As shown in Table 7, the mixing amount of the excipient is 0.111 parts by weight or 0.176 part by weight, and the weight ratio of potato starch: wet heat-treated high amylose corn starch in the excipient is 75:25 to 25:75. In the case of, drying suitability was good.

(Example 6: Examination of manufacturing aptitude that various starches give to a drum dryer dryer)
0.5 parts by weight of potato starch ("Special Shihoro", Shihoro) so that the total amount of the excipient is 1 part by weight with respect to 1 part by weight of the solid content of Apple Pure ("Apple Puree", Inc.) (Agricultural Cooperative) and 0.5 parts by weight of various starches listed in Table 7, respectively, and a sample mixed uniformly with a mixer, using a double drum dryer (manufactured by Johnson Boiler, model “JM-T”), A dried product was produced by drying under the conditions of a vapor pressure of 0.35 Mpa (drum surface temperature of about 140 ° C.), a drum clearance of 0.4 mm, and a drum rotation speed of 2 rpm.
Table 8 shows the suitability of various starches for drying with a drum dryer. The drying suitability was evaluated by the same evaluation method as in Example 1.
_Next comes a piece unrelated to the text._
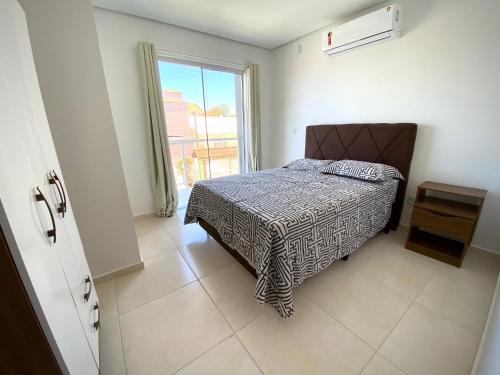 Tempat tidur dalam kamar di Sobrado Ingleses/Santinho - Vista Mar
From Table 8, from the case of using only potato starch as an excipient, phosphate-crosslinked corn starch, phosphate-crosslinked tapioca starch, phosphate-crosslinked high amylose corn starch, high amylose corn starch, or wet heat-treated high amylose corn starch When used together, it was shown that the suitability for drying ability was good.

(Example 7: Measurement of endothermic end temperature of various starches by differential scanning calorimetry)
Using a differential scanning calorimeter (“DSC6100” manufactured by Seiko Instruments Inc.), 40 mg of distilled water is put into a silver 70 μl pan for each dry substance amount of 10 mg of starch, and used as a measurement sample. Until the temperature was raised by 5 ° C. per minute. The measurement was performed three times for each starch. Table 9 shows the endothermic start temperature (Ts), peak temperature (Tp), and endothermic end temperature (Tc) (each average value) of each starch by differential scanning calorimetry.

As shown in Table 9, high amylose starches, phosphoric acid cross-linked corn starch, and phosphoric acid cross-linked tapioca starch having good production suitability and sensory evaluation results when used as excipients for drum dryers in Examples 1 to 6 The endothermic end temperature measured by scanning calorimetry was 95 ° C. or higher. The endothermic end temperature measured by differential scanning calorimetry for starch species with poor production suitability and sensory evaluation results was less than 95 ° C.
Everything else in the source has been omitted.